Palos Verdes Pastoral at Terranea Resort

Thirty years ago in 1988, our community chose sanctuary over sprawl and open land over bulldozers, and launched the Land Conservancy on a journey to preserve and restore open space on the Palos Verdes Peninsula in Southern California.

Palos Verdes Pastoral is the Conservancy’s most important annual event, allowing it to raise support, funds, and awareness for the conservation and management of 1600 acres of permanently protected rare coastal habitat.

Pastoral is an enchanted fundraising dinner that brings people together amidst nature for an exclusive experience at Terranea Resort featuring the best of California handcrafted, organic, and sustainable foods.

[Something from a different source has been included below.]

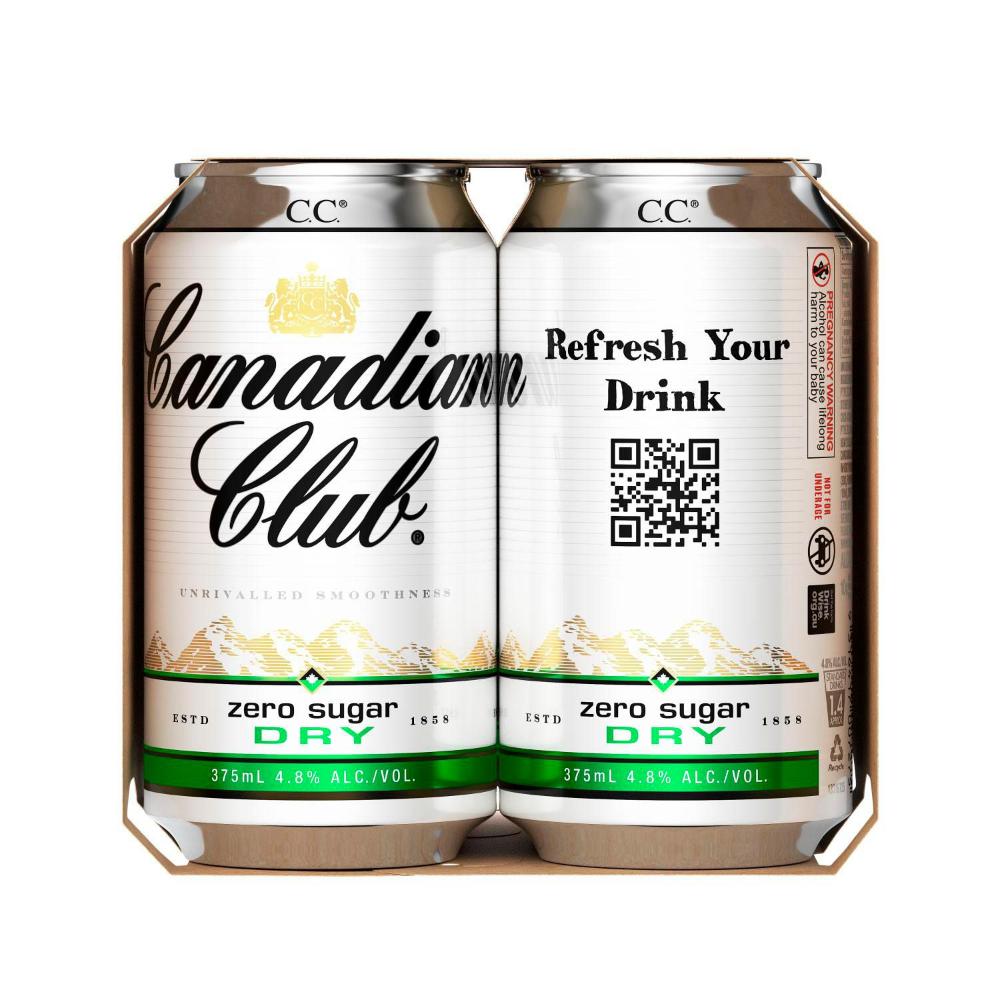 Canadian Club & Dry Zero Sugar Can 375ml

This year Pastoral was inspired by the colorful state of Oaxaca, one of Mexico’s major gastronomic centers. It shares many native plant species with the Peninsula; those include lily, sunflower, coastal sage, and cactus. Executive Chef Bernard Ibarra, created a menu with foods sourced from local artisan ingredients and Terranea’s award-winning garden. The menu highlighted staples of Oaxacan cuisine such as squash flowers, sage, prickly pear cactus, dragonfruit, chocolate, and mezcal.

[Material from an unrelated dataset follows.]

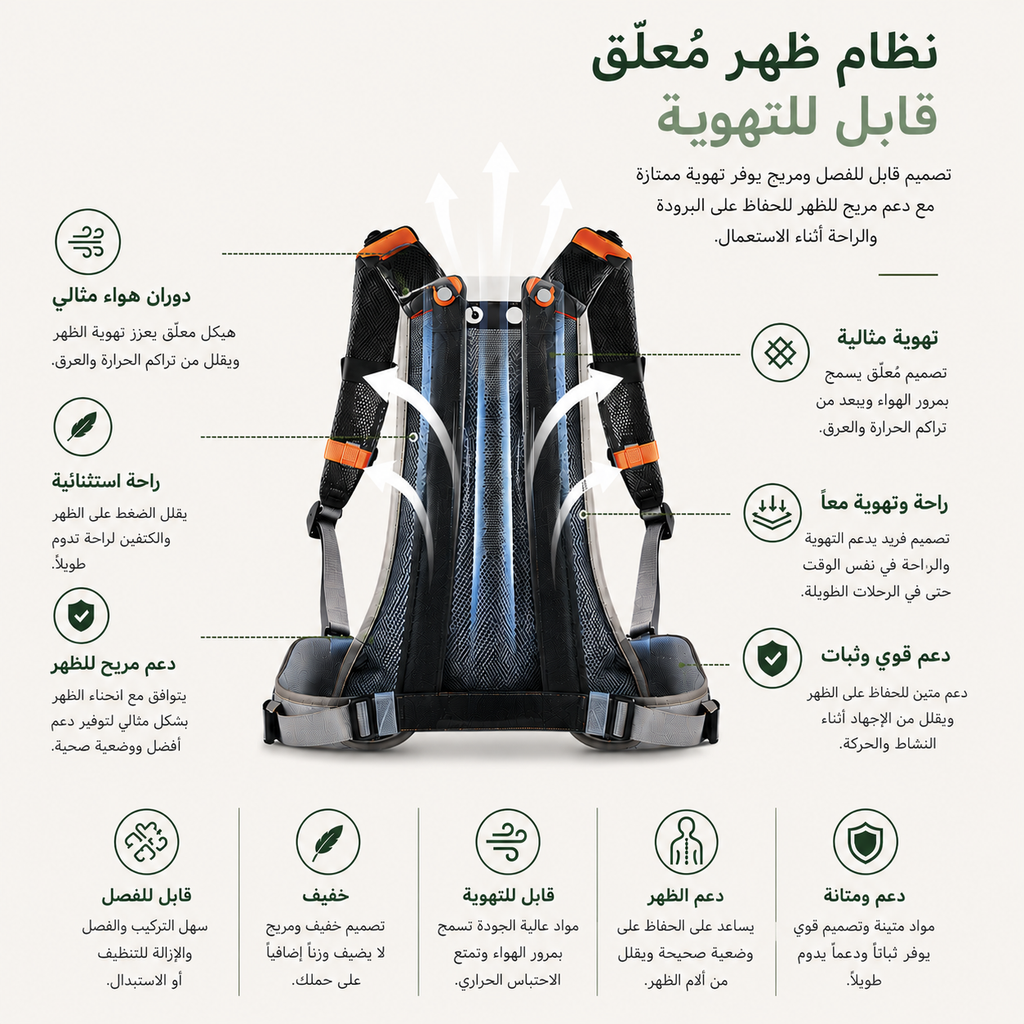 CAMEL 40L -   حقيبة ظهر للرحلات الجبلية والسفر والمغامرات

In addition to the camaraderie, gourmet foods, stellar wines, and ambiance that is truly second to none – the evening increases awareness of the important work of the Conservancy in protecting and stewarding our open space and nature. We celebrate the mission of the Palos Verdes Peninsula Land Conservancy to preserve land and restore habitat for the education and enjoyment of all.